• Task objective
Transcription, pictures excluded: write out the data below exactly.

• Information provided
* * * * * * *

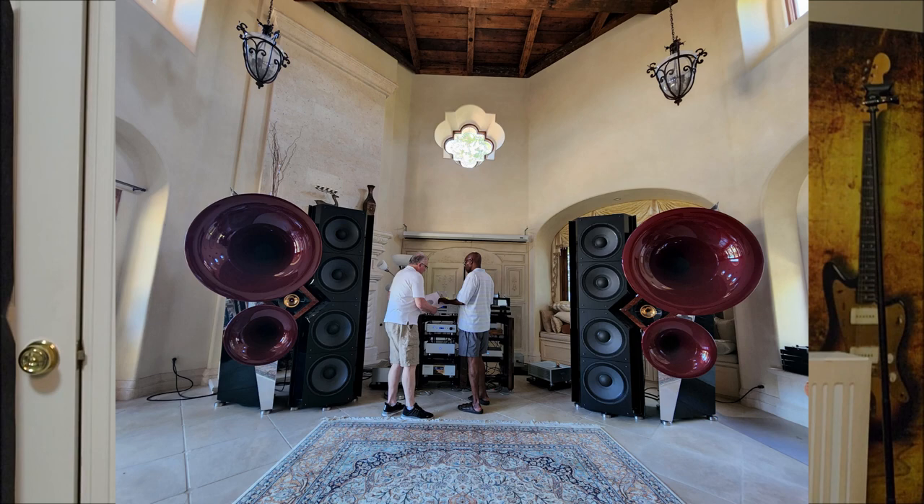Welcome back to the channel. Today is part one of a multi-part series where I address something I uploaded as a YouTube Short a few weeks ago, which featured a million-dollar Acapella speaker. The associated gear cost you don't even want to know, but I was privileged enough to visit this gentleman's home, which very few people have even heard.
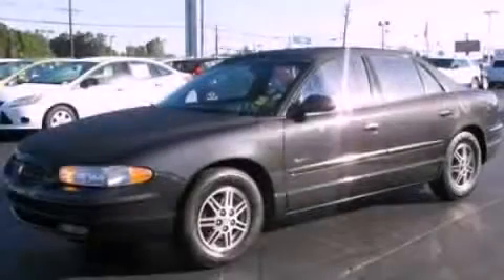This automobile won't last long at this price. Call and arrange a test drive now.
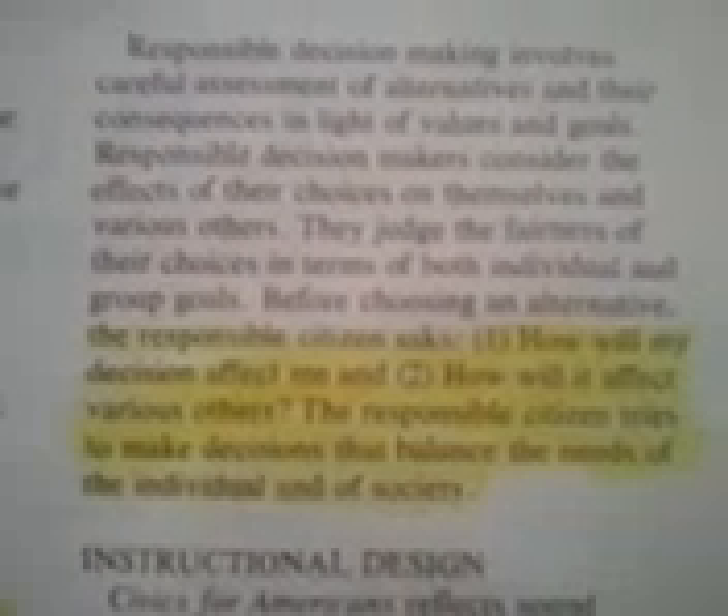Responsible decision-makers consider the effects of their choices on themselves and various others. They judge the fairness of their choices in terms of both individual and group goals before choosing an alternative. The responsible citizen asks: one, how will my decision affect me? And two, how will it affect various others? The responsible citizen tries to make decisions that balance the needs of the individual and of society.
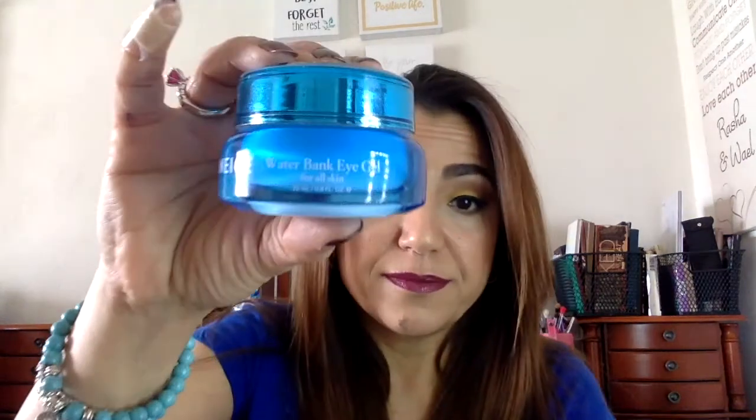Then I discovered they had the Waterbank Eye Gel. I love their packaging — it's just beautiful. I use this one morning and night as well; it really helps moisturize and hydrate around my eyes. As you get older your skin changes — I tend toward dry skin, and that really causes issues when I apply concealer, foundation, and eye makeup.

* * * * * * *

• Answer to this exercise
Welcome back to the channel. Today is part one of a multi-part series where I address something I uploaded as a YouTube Short a few weeks ago, which featured a million-dollar Acapella speaker. The associated gear cost you don't even want to know, but I was privileged enough to visit this gentleman's home, which very few people have even heard.
This automobile won't last long at this price. Call and arrange a test drive now.
Responsible decision-makers consider the effects of their choices on themselves and various others. They judge the fairness of their choices in terms of both individual and group goals before choosing an alternative. The responsible citizen asks: one, how will my decision affect me? And two, how will it affect various others? The responsible citizen tries to make decisions that balance the needs of the individual and of society.
Then I discovered they had the Waterbank Eye Gel. I love their packaging — it's just beautiful. I use this one morning and night as well; it really helps moisturize and hydrate around my eyes. As you get older your skin changes — I tend toward dry skin, and that really causes issues when I apply concealer, foundation, and eye makeup.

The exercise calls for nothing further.